Problem to work on ▸ Beginning with the line containing "Daily chart Khandwala Securities Ltd" and ending at the last line of the records, transcribe each line exactly. Do not include pictures.

BEGIN Entries shown

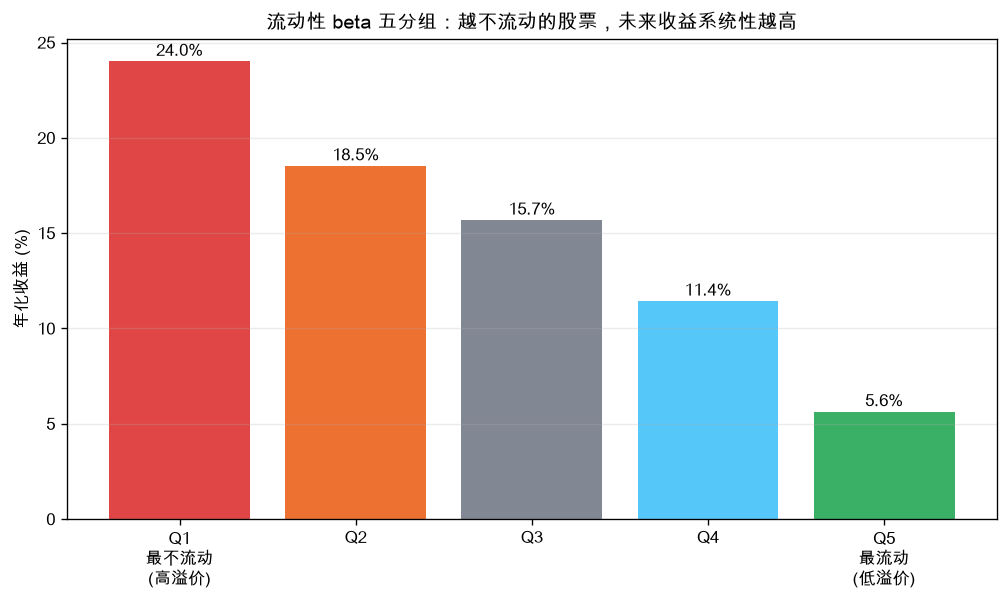流动性 beta 五分组:越不流动的股票,未来收益系统性越高,从 24.0% 单调降至 5.6%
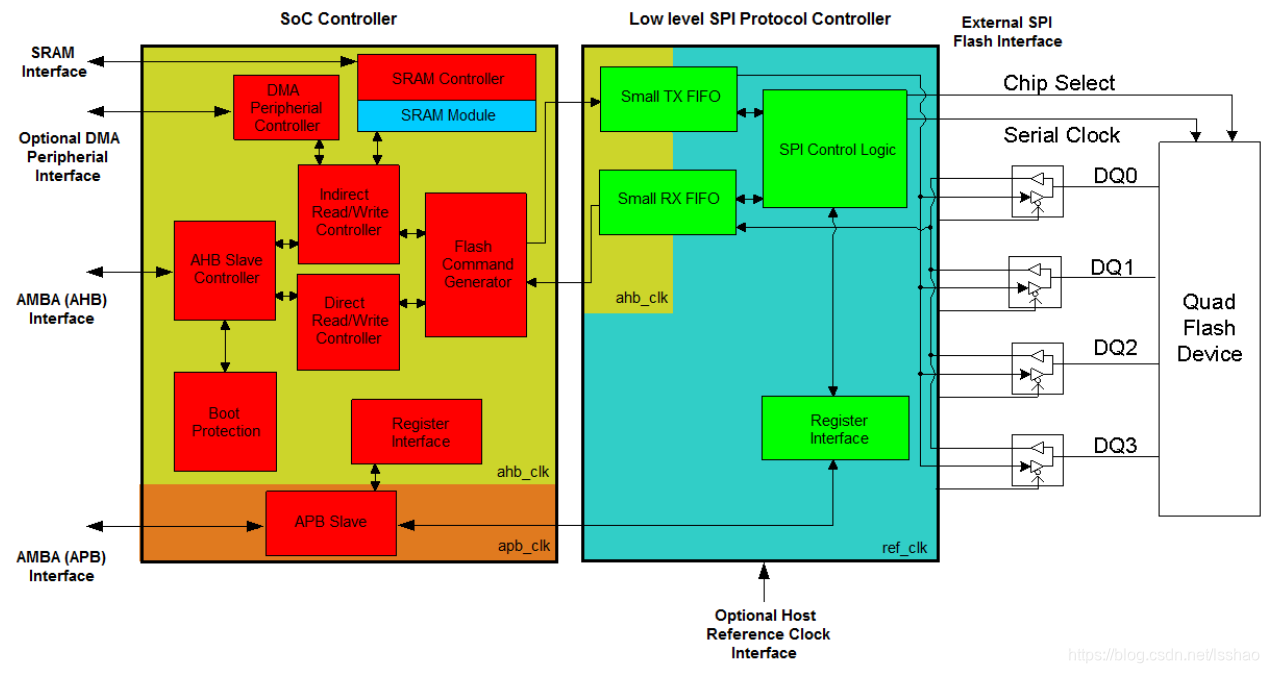 Qspi Write Protect QSPI Flash存储控制器(概述)-CSDN博客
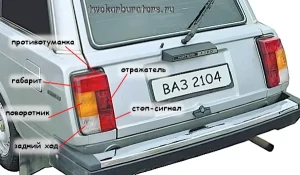 Задние фонари автомобиля ВАЗ 2104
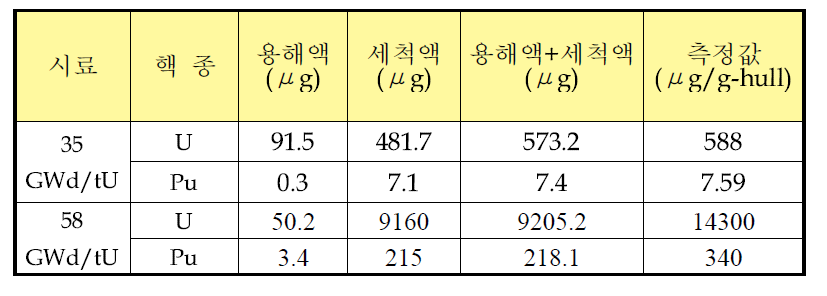 폐 피복관의 연소도에 따른 감마 핵종별 방사능 농도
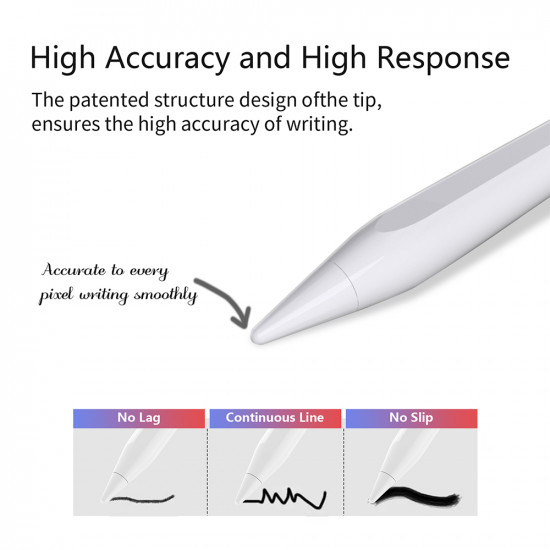 Techsuit Stylus Pen (AC10 CP) for iPad, Bluetooth, Type C, Palm Rejection, Tilt Pressure Sense, 130mAh, 5V, 0.2A White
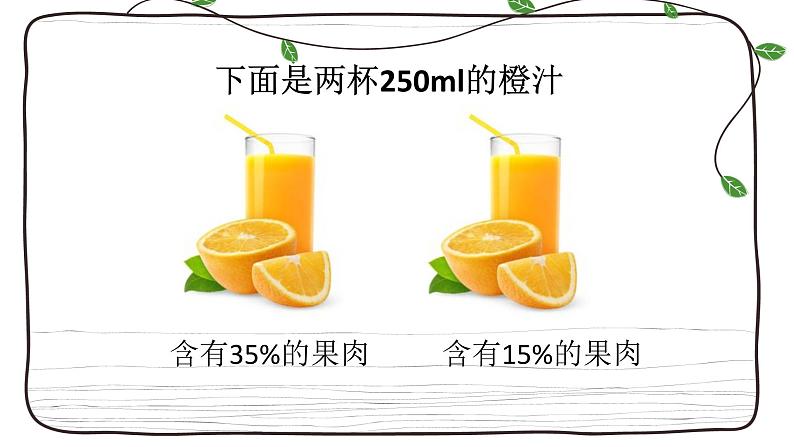 六年级上册数学课件-3.1 百分数的意义  北京版（共12张PPT）第6页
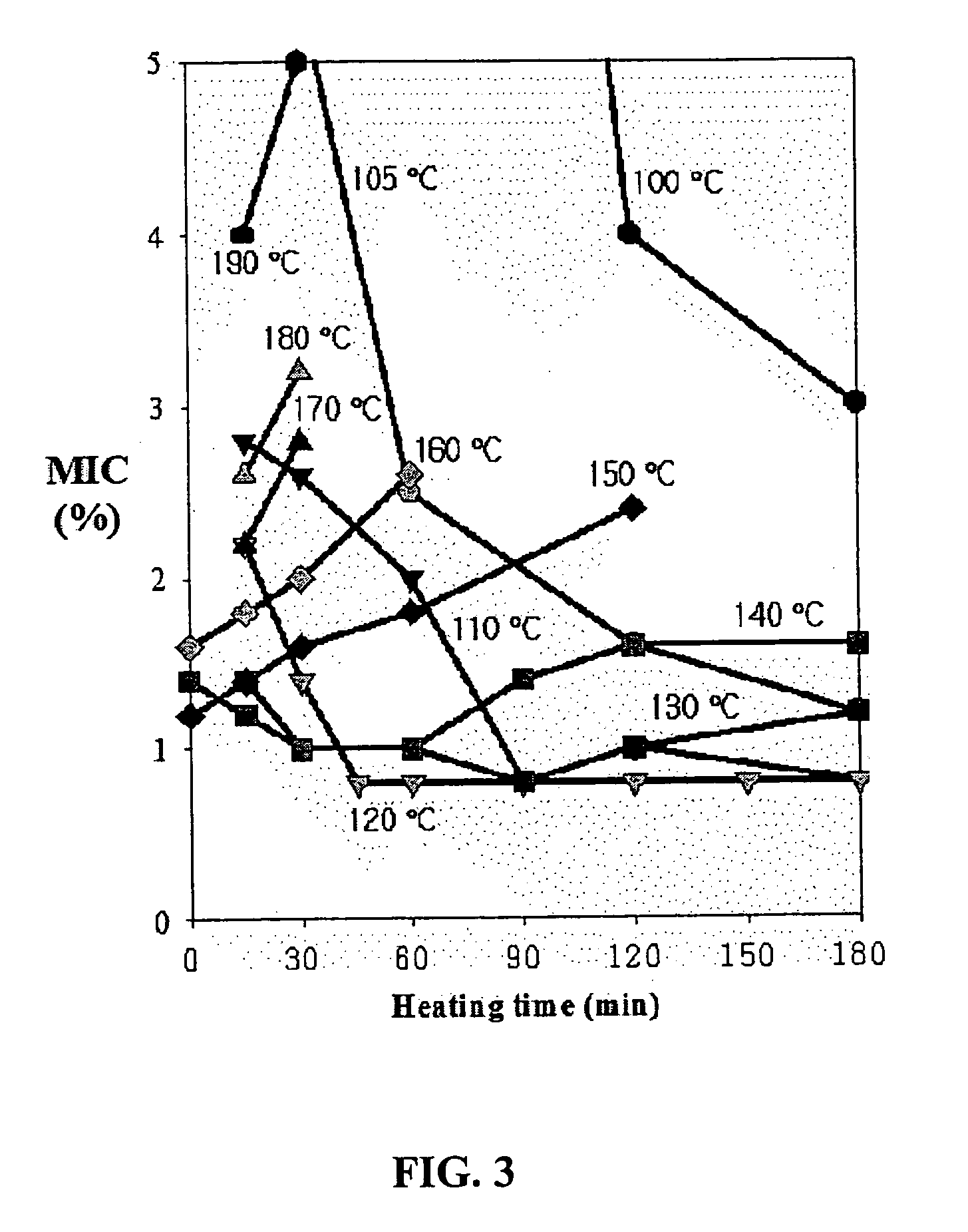 Natural preservative comprising heated garlic extract and method for preparing thereof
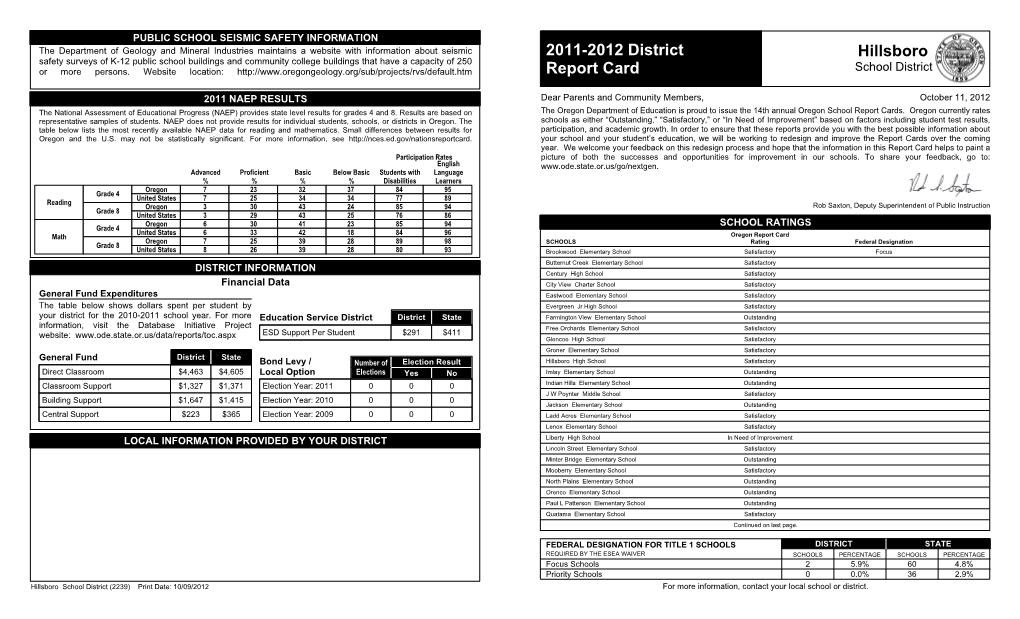 2011-2012 District Report Card Hillsboro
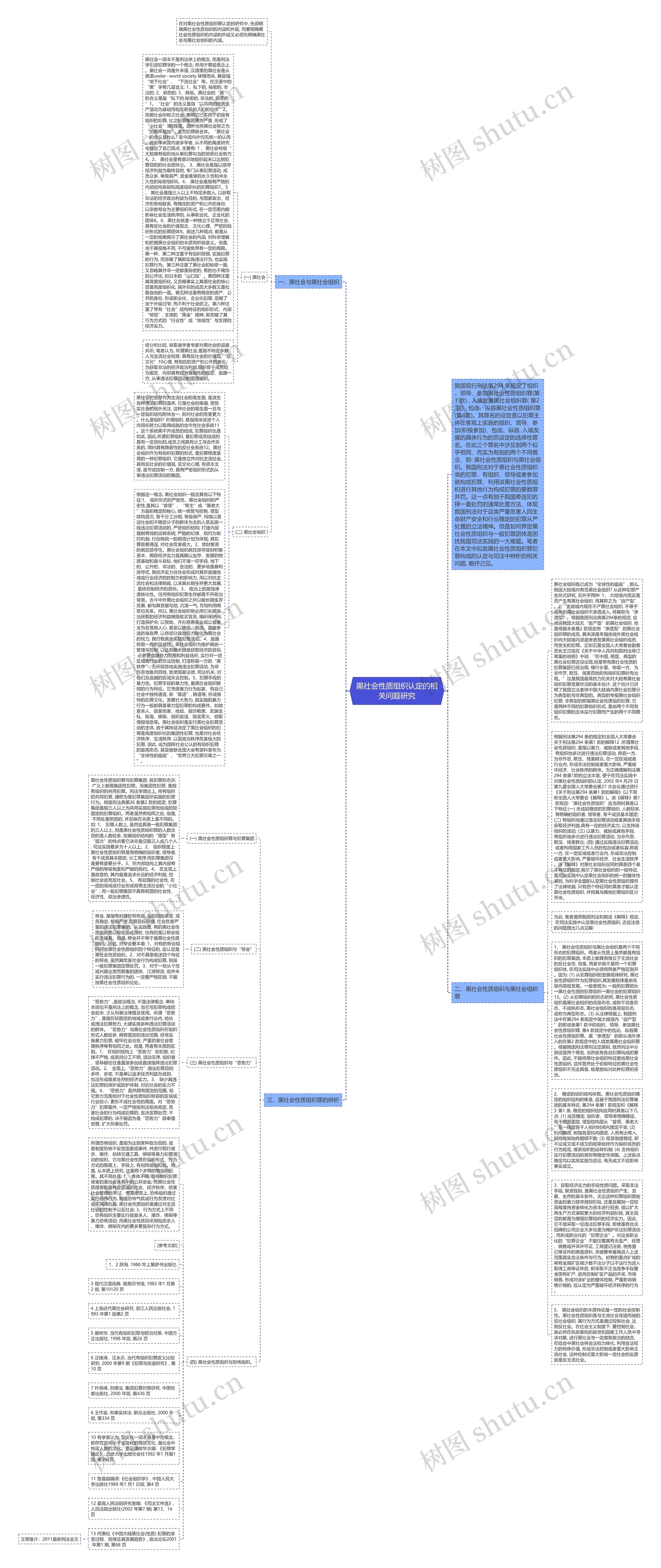 黑社会性质组织认定的相关问题研究思维导图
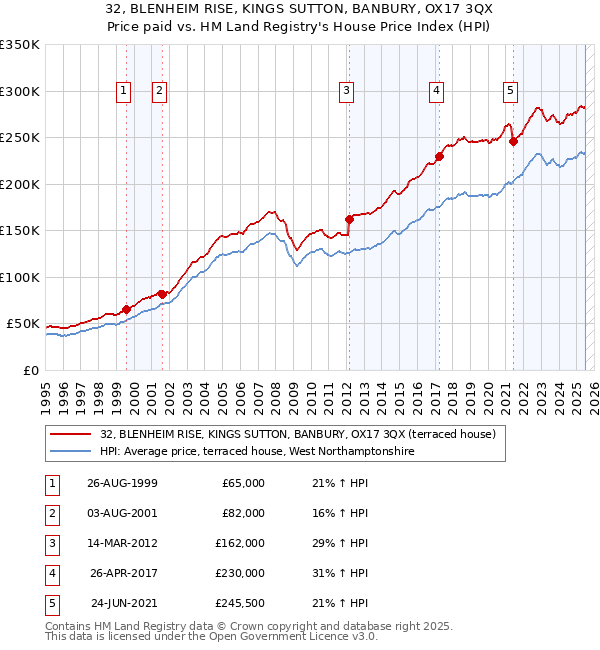 32, BLENHEIM RISE, KINGS SUTTON, BANBURY, OX17 3QX: Price paid vs HM Land Registry's House Price Index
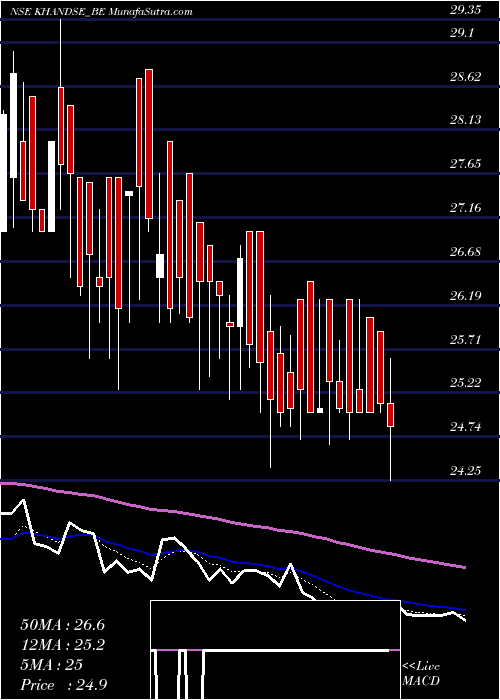  Daily chart Khandwala Securities Ltd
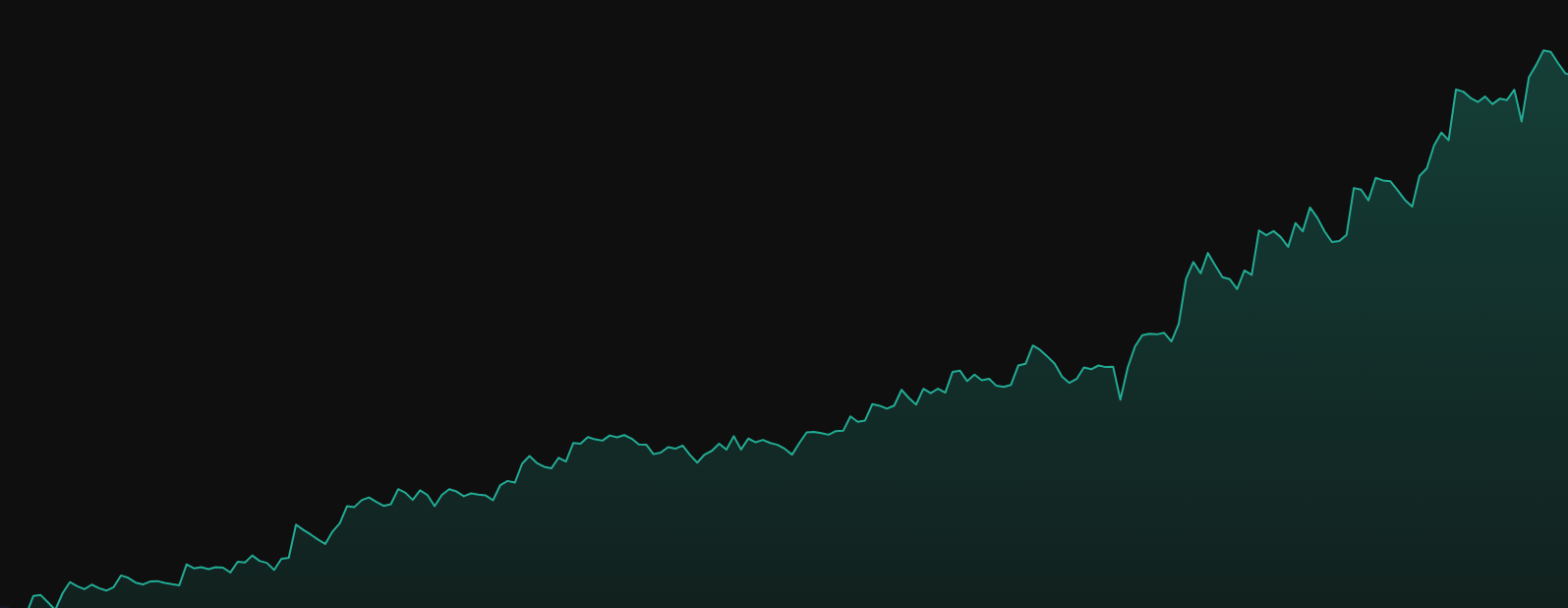 backtest chart image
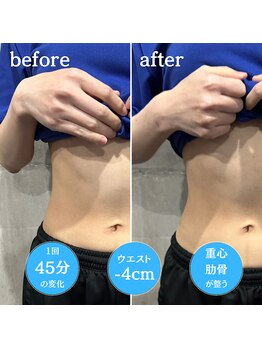 フロージム(FLOW GYM)/くびれパーソナルトレーニング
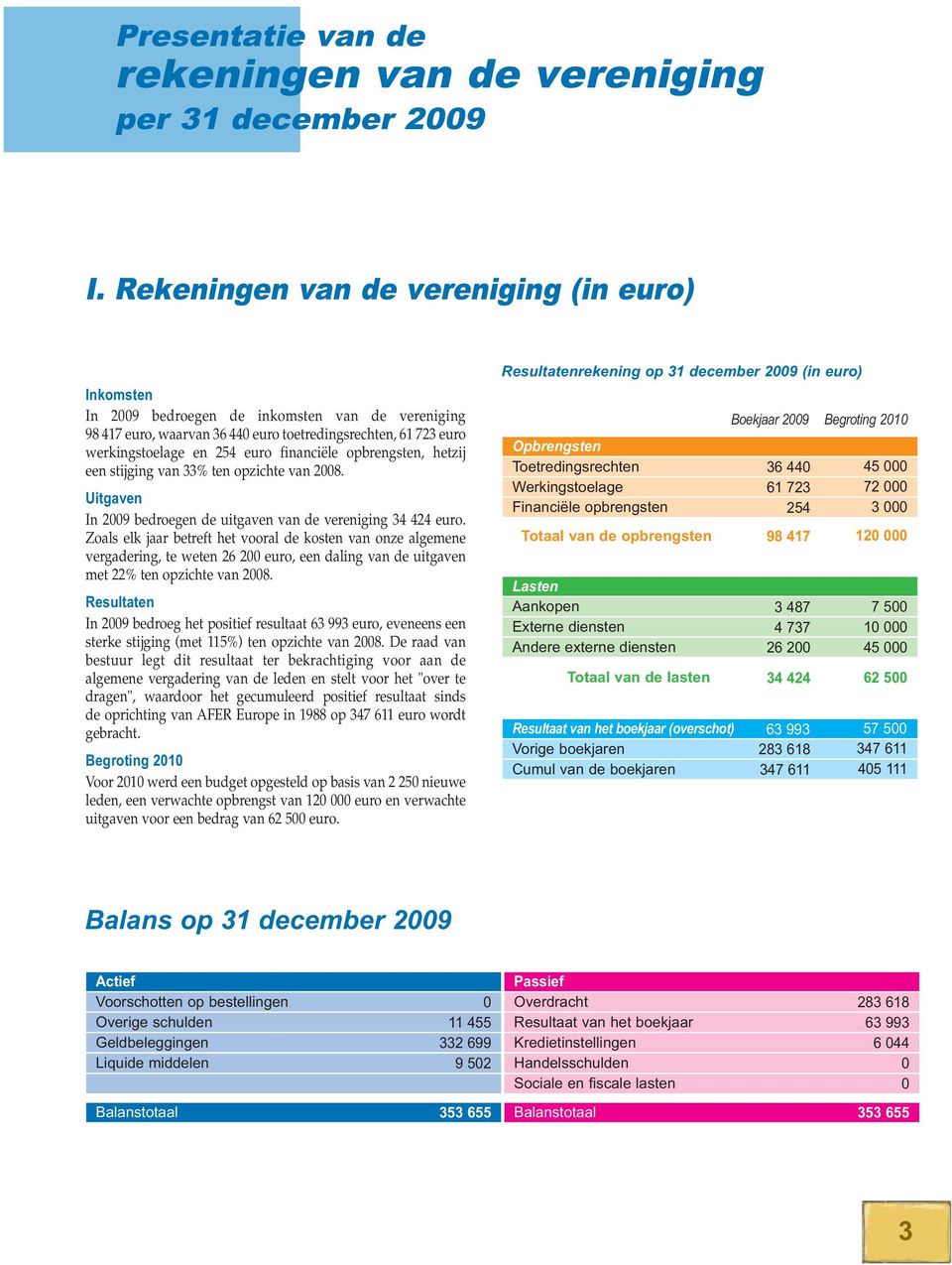 opbrengsten, hetzij een stijging van 33% ten opzichte van 28. Uitgaven In 29 bedroegen de uitgaven van de vereniging 34 424 euro.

END Entries shown

Your response ▸
  Daily chart Khandwala Securities Ltd
 backtest chart image
 フロージム(FLOW GYM)/くびれパーソナルトレーニング
 opbrengsten, hetzij een stijging van 33% ten opzichte van 28. Uitgaven In 29 bedroegen de uitgaven van de vereniging 34 424 euro.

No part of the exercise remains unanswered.